Он мог потеть, но не мог плакать, хоть и понимал, что погиб. Начиная с этой минуты Колдунья сможет сделать с ним все, что захочет, а он будет бессилен сопротивляться. Не будет больше ни демонической силы, ни загадочного «Дум… Дум…» в ушах. Он больше не будет человеком короля Фергана, он будет принадлежать ей. Та сила, что заключалась в аметисте, навеки потеряна для него.
Что он за дурак! Ему сразу нужно было улизнуть из страны, а он отсиживался в Инверери-Касле, пока награду за его голову не подняли так высоко, что все глаза в Шотландии начали выглядывать его. С самого начала он повел себя как дурак, сопротивляясь Вальде. Неужели он надеялся удрать от такой великой колдуньи? Когда она предложила ему поступить к ней на службу — на суде у лэрда Филлана, — он отверг ее предложение. Вместо того чтобы пасть на колени, заливаясь слезами радости и благодарности. Да что там — еще раньше, встретив ее на дороге в Бридж-Ов-Орки, впервые ощутив ее силу, он должен был пасть на колени у ее стремени, предлагая ей свое сердце в слабой надежде на то, что такой никчемный увалень сможет вдруг заинтересовать ее. Когда она искала его в снах, он не должен был отвергать ее призыв. Она была великой дамой, обладающей мудростью и силой, каких он не мог себе и представить, а он всего только безмозглый раб, никчемный ублюдок, тупой и невежественный…
— Пожалуй, довольно, — сказала Вальда. — Освободи его, Крайгон.
Невидимые обручи исчезли. Он сделал выпад вперед и выхватил сапфир из чаши, не успев еще даже толком вздохнуть. Он стоял в оцепенении, глотая воздух, сжимая в изуродованной руке камень цепочка свешивалась с ладони вниз. Нет, не то…
Вальда усмехнулась:
— Повесь его на шею, мальчик! Он должен касаться твоей кожи.

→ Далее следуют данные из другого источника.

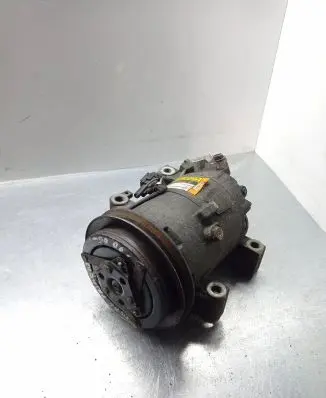 Nissan Almera Tino Air conditioning (A/C) compressor (pump) 92600bn301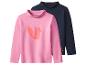 Zwei Langarmshirts, eines rosa mit Fuchs und eines dunkelblau mit Sternen.
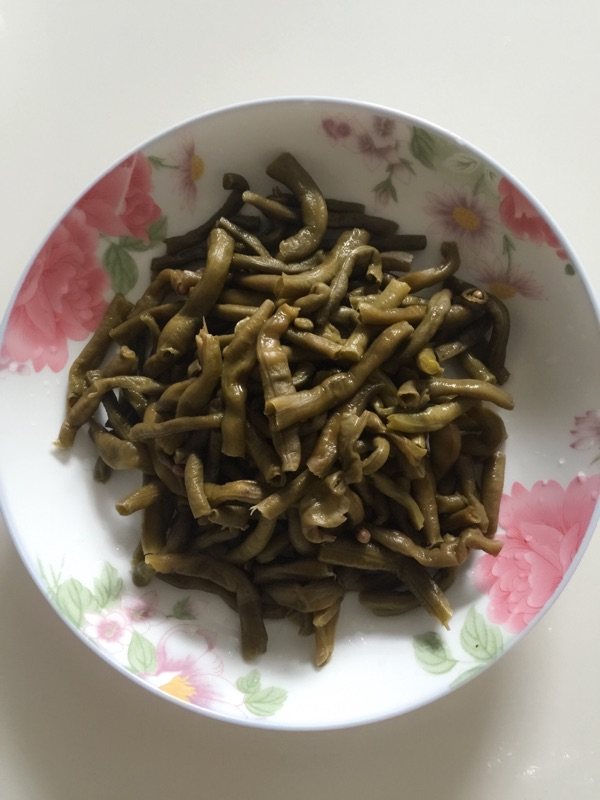 酸豇豆炒鸡胗步骤1
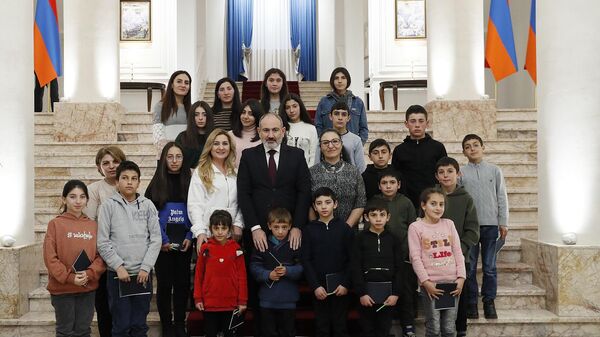 ՀՀ վարչապետն ընդունել է Սիսիան համայնքի և հարակից գյուղերի մի քանի տասնյակ աշակերտների - Sputnik Արմենիա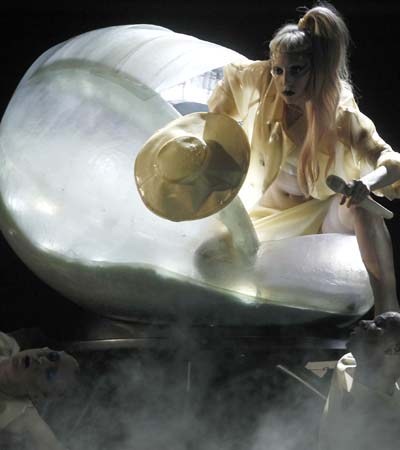 lady gaga egg entrance. Lady Gaga#39;s egg entrance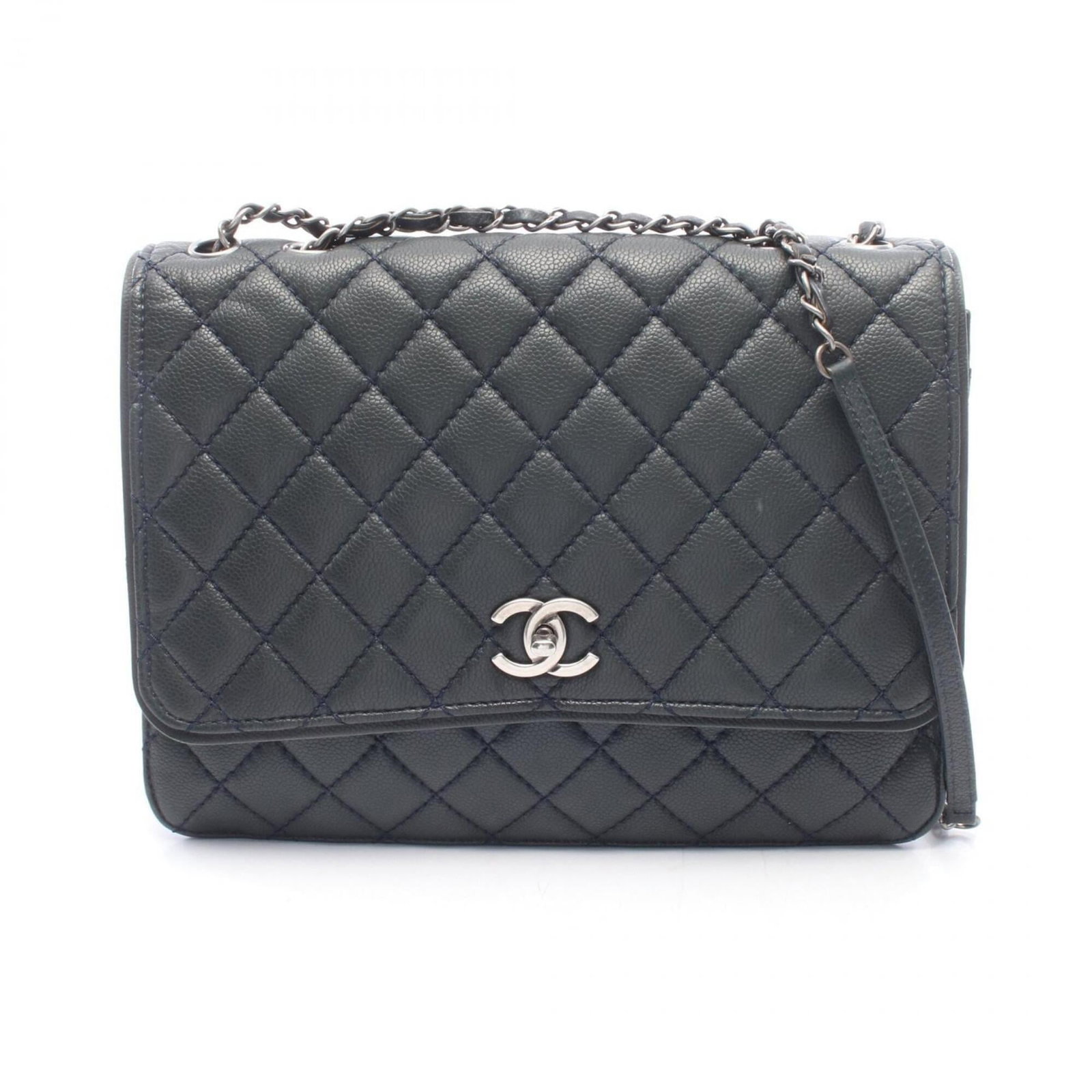 Calfskin handbag bag shoulder Chanel: Calfskin handbag bag shoulder Chanel Calfskin handbag with shoulder strap, featuring grained material and silver hardware in a vibrant green color. Measuring 24cm x 31cm x 5cm, this Chanel shoulder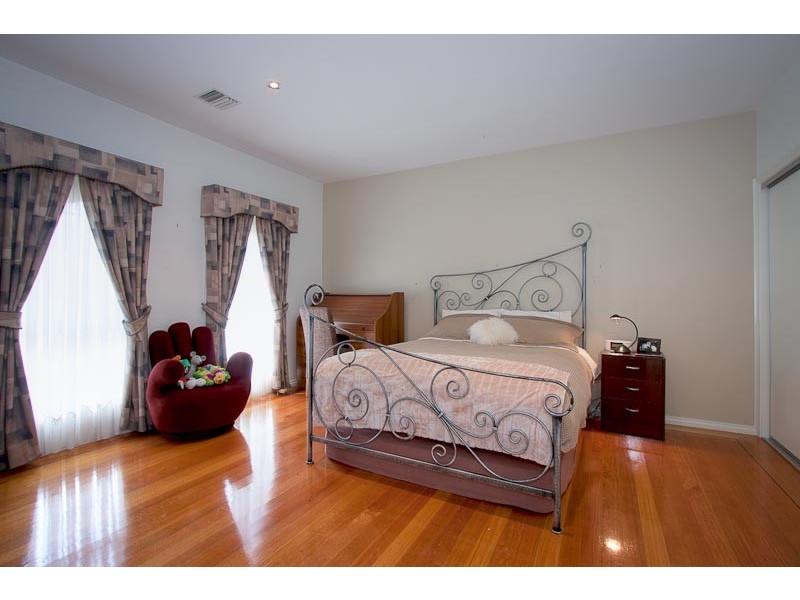 5 Blind Creek Boulevard, Sunbury VIC 3429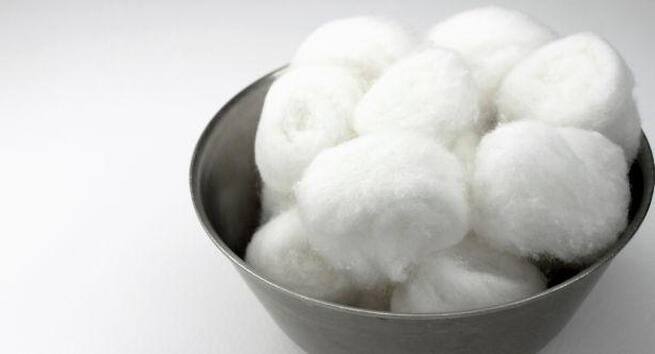 cotton swabs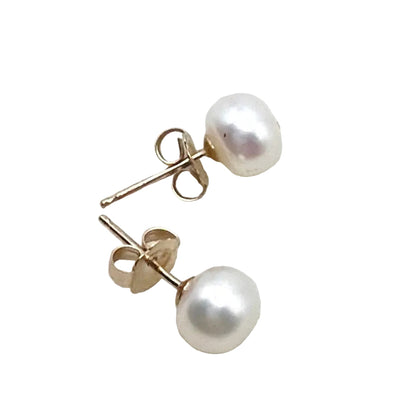 10k Gold and 4mm Freshwater Pearl Studs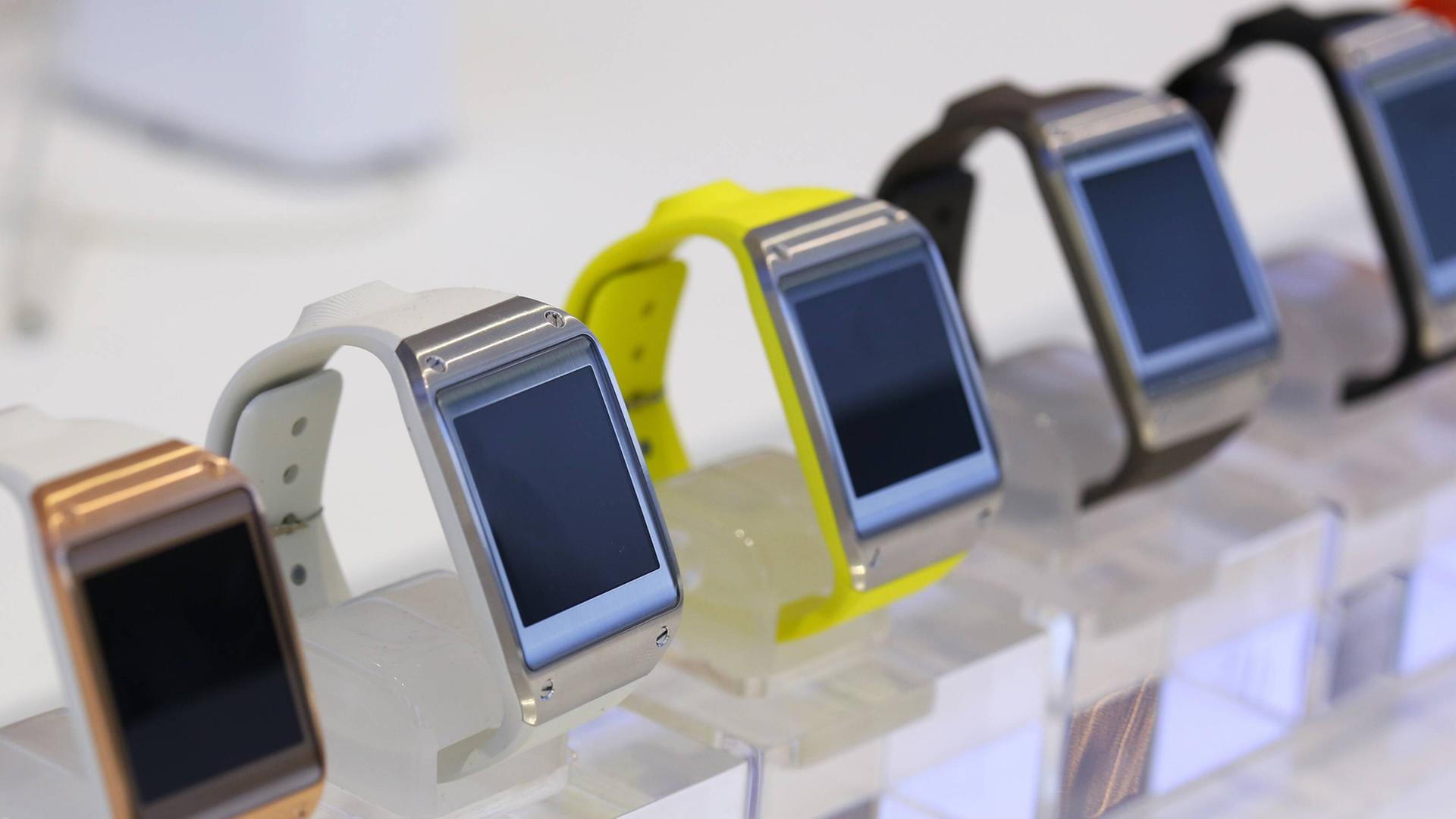 Smartwatch, eine Armbanduhr die ein Smartphone in sich vereint.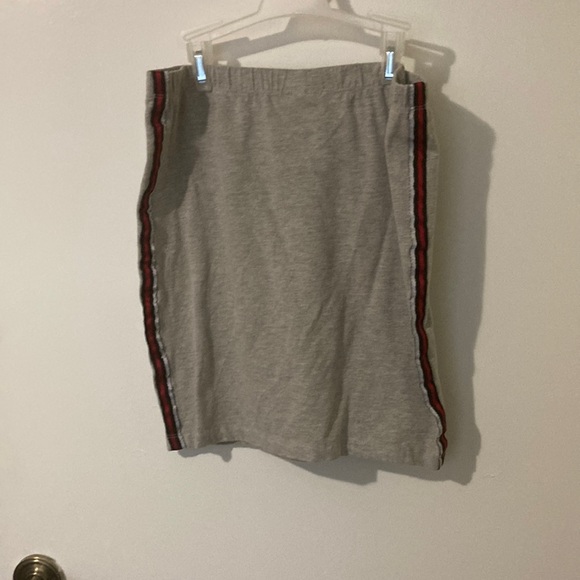 Grey mini skirt with stripes on the side. - Picture 1 of 4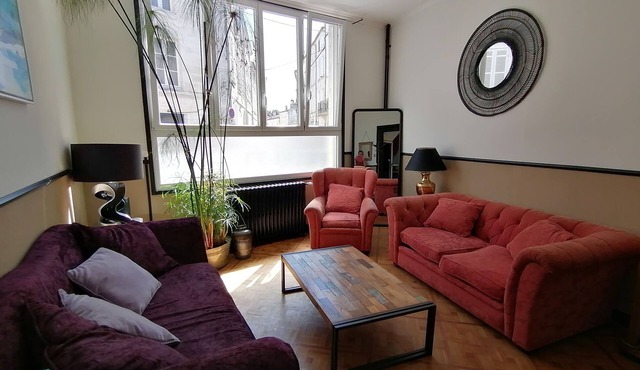 Pleasant town house, historic center of Saintes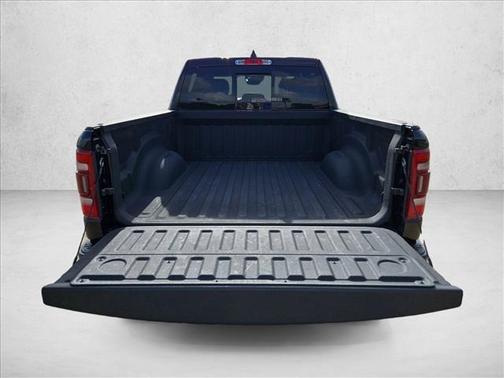 Diamond Black Crystal Pearlcoat 2023 RAM 1500 Limited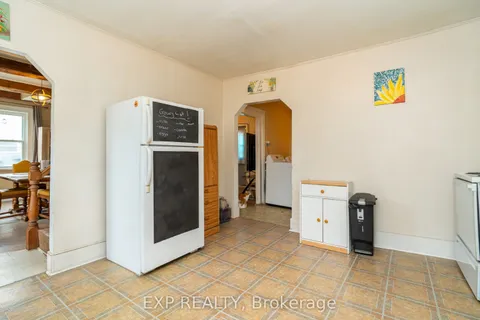 105 Rideau Street, ON K0G 1N0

О, конечно! Он просунул голову в петлю цепочки так, чтобы камень висел на его груди, как раз над складкой пледа. Потом опустился на колени, отчетливо сознавая, что он — неуклюжий, тупой, потный увалень, недостойный даже находиться в одной комнате с такой блестящей дамой, госпожой самого короля.
— Я ужасно сожалею, мэм, что по собственной дурости причинил вам столько неприятностей. Молю вас, простите меня, хоть я и не заслуживаю прощения. Есть ли такое наказание, которое я могу понести? Что-нибудь, чем могу я искупить свою вину?
Она улыбнулась:
— Ты знаком с татарской церемонией поклонения?
— Только в общих чертах, мэм.
— Делай то, что знаешь.
Он опустился на четвереньки, пополз к ней… и остановился. Сапфир повис на цепочке, оторвавшись от его груди. Он снова выпрямился, перекинув его на спину. Теперь ничего не мешало ему пасть ниц, прижавшись лицом к полу.
— Я подниму вашу ногу? — Даже прикоснуться к ней было бы святотатством.